『あの音にこの職人2:キャロル・ケイ編~60sポップスを支えたセッションの女王~』 ★★★★☆(3.7)-音楽購入履歴#21
Title: あの音にこの職人2:キャロル・ケイ編~60sポップスを支えたセッションの女王~(2024)
Artist: Various Artist
Day: 2024/10/31
Shop: Tower Record Online
Rating:★★★★☆(3.7)
オムニバスコンピ初買い?
こういったオムニバスコンピを買うのは実は初めてじゃなかろうか。
そもそもコンピレーションアルバムどころかベスト盤すらほとんど買ったことがない(ジャズやクラシックのコンピを除いて)。
ましてやこんなDVD形式というか、DVDの箱に付録としてCDが付いてる形式(DVDは付いてない)なんて初めてすぎる。
キャロル・ケイはレッキングクルーと呼ばれるカリフォルニアのスタジオミュージシャン軍団の一員であり、フィルスペクターやブライアンウィルソンを支えた名女性ベーシストとして知られている。
裏方の人間ではあるが、60's好きなら知らない人はいないと言っても過言ではない重要人物だろう。
50年代末から70年代にかけて、彼女が参加した楽曲は1万曲を超えると言われていて、その中から厳選された20曲がこのコンピに収録されている。
いや、こういうコンピって面白いな、と率直に思った。
セッションミュージシャンの参加作品で括ったコンピ。
あるのか、あったのか、いやあったんだろうな。
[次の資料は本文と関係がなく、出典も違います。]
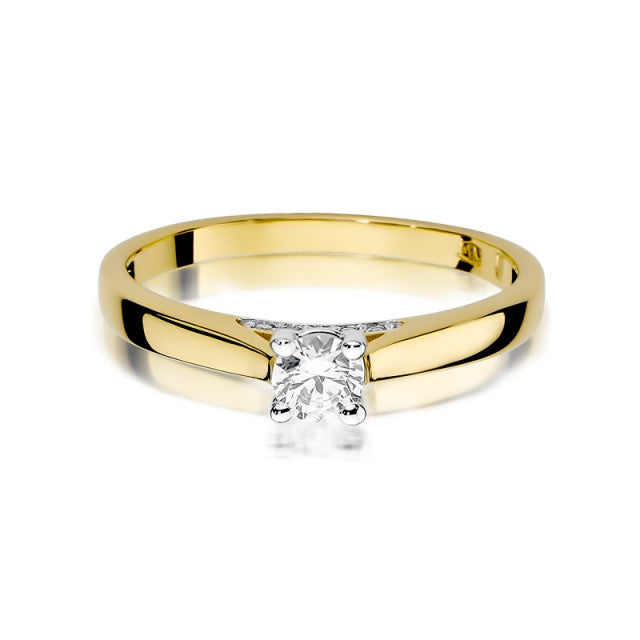 Inel Aur 14K cu Diamante Naturale 0.30 ct, imaginea 2 din 11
でもあんま見たことないな。
例えばツェッペリン以前セッションマン時代のジミーペイジ参加作品コンピとか、需要あると思うし(あるのか?あるんだろう、ないのか?)、プロデューサーで括るとか、アレンジャーで括るとか、レコーディングスタジオで括るとか、そういうコンピは面白いと思う。
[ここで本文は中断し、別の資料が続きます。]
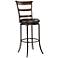 Hillsdale Cameron Tall Ladder-Back 30" Brown Bar Stool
コンピってこのサブスク時代のプレイリスト文化にも繋がるなーってことを思ったりも。
自分を知ってくれている
ということ
このキャロルケイのコンピの存在を教えてくれたのは母親だった。
おかんは近ごろAudible(オーディブル)にどハマりしている。Amazonがやってる本の朗読アプリだ。
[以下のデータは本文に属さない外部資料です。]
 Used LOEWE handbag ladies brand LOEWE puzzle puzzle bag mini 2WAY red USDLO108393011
それで実家に帰るとおかんは常にBluetoothイヤホンを耳につけていて、何やら安い中国製のものばかり買っているようですぐに壊れては買い、そんなことで5,6個Bluetoothイヤホンがリビングに転がっている状態。
そんなBluetoothイヤホンで好きなアーティストのラジオも聴いてるようで、そのラジオで紹介されていたのがこのキャロルケイのコンピだったよう(馬場俊英というSSWのラジオだったか)。
それである日実家に帰った時に
「あんたが好きそうな話してたで」
とコンピタイトルと出版社が書かれたメモを手渡してきた。
何やらラジオで紹介されていた内容をつらつらと説明してきて、
「キャロルケイってベーシストがな」
「知ってる」
「めっちゃたくさんのレコーディングに参加しててな」
「知ってる」
「なんかビーチボーイズとか」
「知ってる」
「60年代とか言ってたからあんた好きやろ?買い!!」
「知ってるけどなぁ」
「なんかDVD形式かなんかやから新品で800円らしいで」
「800円??!」
ってなことでタワレコオンラインでポチッと購入した次第だ。
「知ってるけどなぁ」という思いが全面に溢れ出た態度をとってしまったが、何にしても「60年代」だとか「ビーチボーイズ」だとか、そういうワードを耳にして僕に教えないとと思ってくれることはとても嬉しいことだなぁと思う。感謝。
ちょうどその翌日とかに、大学の友人からポンっとLINEが入った。
「これ良さげじゃない?」
というメッセージと共にピンクフロイドの狂気50周年プラネタリウムアンコール上映のリンクが貼ってあった。
去年の東京での上映を羨ましがりつつも、今年春の神戸上映を逃し、途方に暮れていたのでめちゃくちゃ嬉しい神戸アンコール上映!!!!!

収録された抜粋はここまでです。